When efforts taken by the hotel owners to persuade the Police to arrest those responsible went in vain, hundreds of Muslims took to the streets in protest demanding the criminals be brought to justice. According to some eyewitnesses in Mawanella, the initial attack was instigated by a gang that included the bodyguards of Mahipala Herath, a government minister from the Kegalle District. But the minister denied these charges as baseless.

Only when the protests intensified, the police promised to take action.

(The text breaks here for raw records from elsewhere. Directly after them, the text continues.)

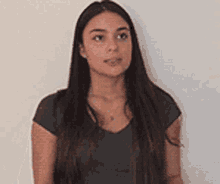 a young woman with long hair is standing in front of a white wall and looking at the camera .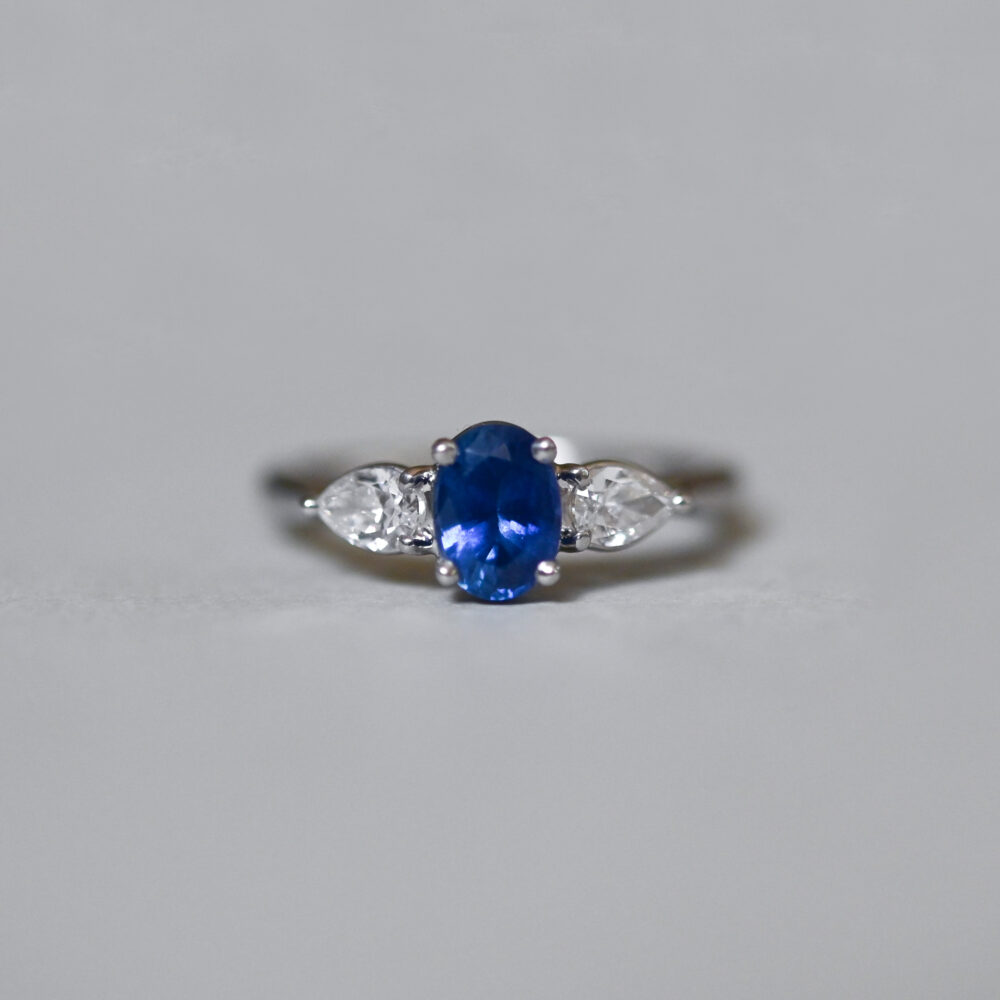 Exquisite contemporary sapphire and pear cut diamond platinum engagement ring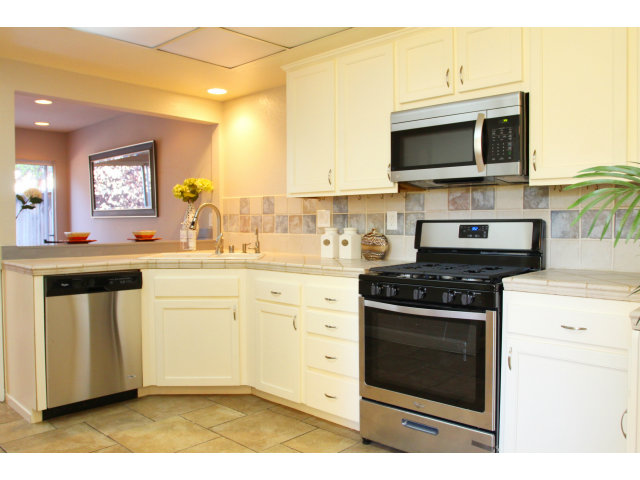712 Superior Road Milpitas, CA 95035 - Photo 9 of 20 a kitchen with stainless steel appliances white cabinets and a stove top oven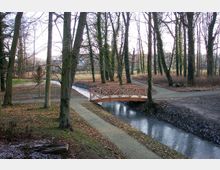 Ein Park mit einem kleinen Bach, der von einer hölzernen Fußgängerbrücke überspannt wird, umgeben von hohen, teils mit Efeu bewachsenen Bäumen und Wegen. Der Boden ist mit Laub bedeckt, und die Vegetation wirkt winterlich kahl.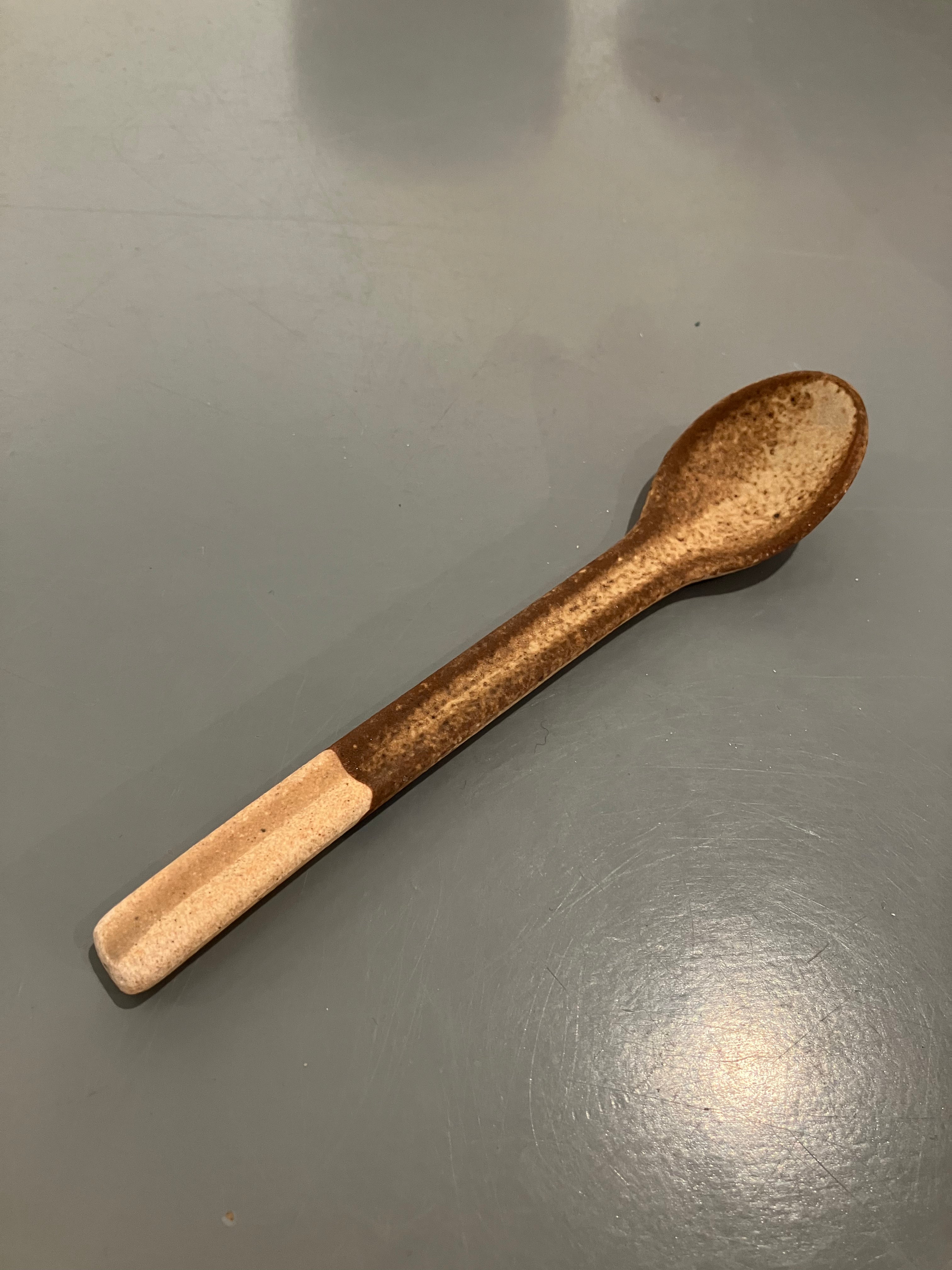 Rustic ceramic spoon with brown glaze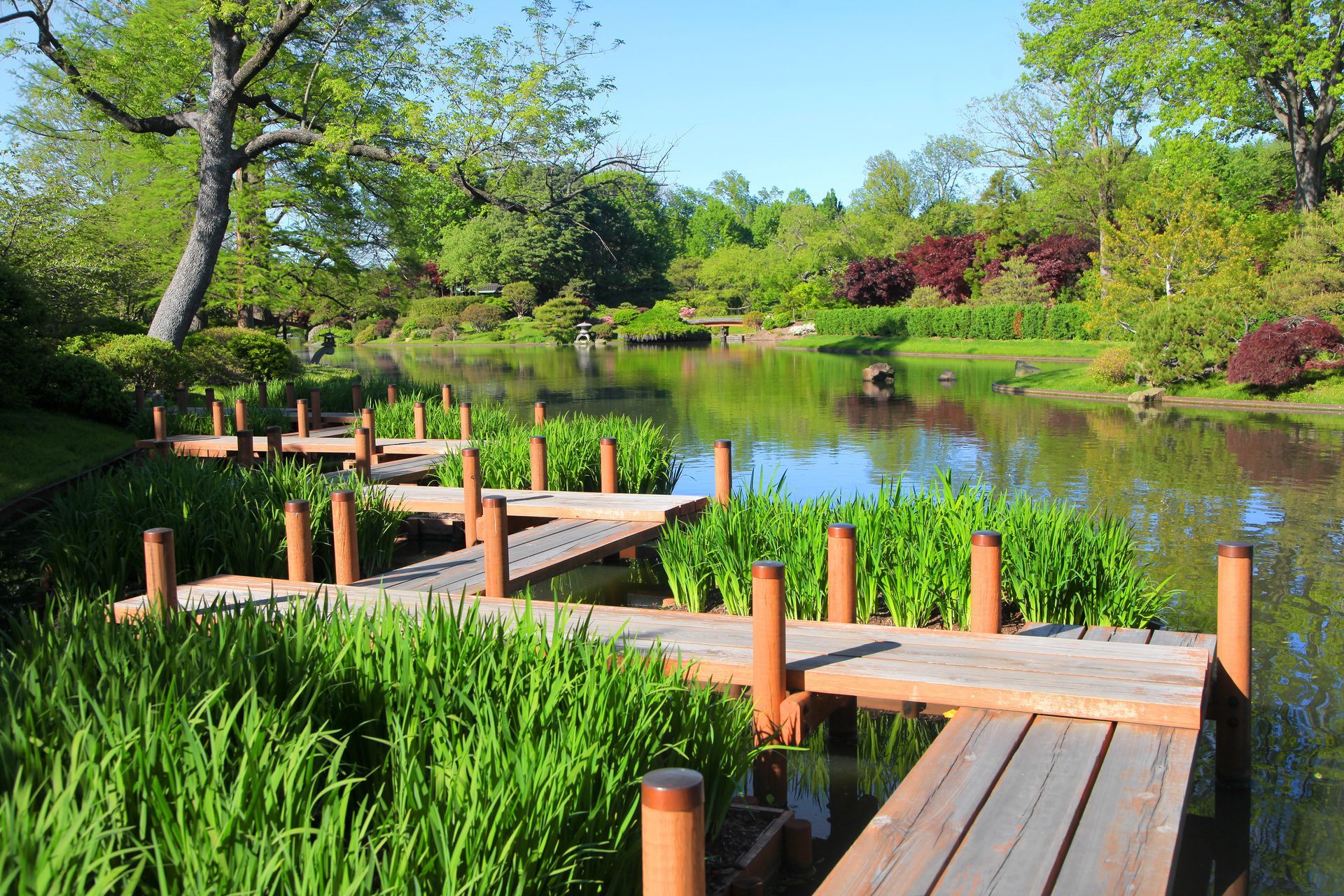 A wooden bridge over a body of water in a park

However, as the crowd was dispersing, a Sinhalese mob, several hundred strong, descended on the area and went on a rampage, setting fire to Muslim-owned shops, houses, businesses and mosques. One group entered the town's main mosque dragged out the cleric and burned furniture, a funeral casket and a copy of the Koran. Police were accused of helping the mob enter a hardware store by shooting off its padlock.

In retaliation a group of Muslims stoned the police station and attacked several Sinhalese-owned shops. The police in an attempt to disperse the protestors, fired into the crowd, killing two people, including 55-year-old Haniffa Mohamed, and injuring 15 others.

==Aftermath==
Muslim Protests erupted in the wake of the incident, in various places including Colombo, Puttalam and Batticaloa. Shops of Muslims were attacked and the roads were blocked by burning tyres. Clashes took place outside the Maradana police station in Colombo, where police tear-gassed demonstrators and baton charged the crowd. Fifteen people were injured, two seriously.

Police took some drastic measures to quell the protests. Scores of people were arrested, including Mujibur Rahuman, leader of the Muslim United Liberation Front (MULF), who was later released on bail.

==Reactions==
===Sri Lankan Government===
The government reacted to the unrest by imposing a 12-hour curfew in Colombo and throughout the adjoining Western Province. The government has announced the formation of a "peace committee" in the Mawanella area to include representatives of the Sinhalese and Muslim communities as well as local police chiefs. It has also promised to pay compensation to those whose property was damaged.

===SLMC===
Members of the Sri Lanka Muslim Congress blamed the Government for instigating and being indifferent to the riots.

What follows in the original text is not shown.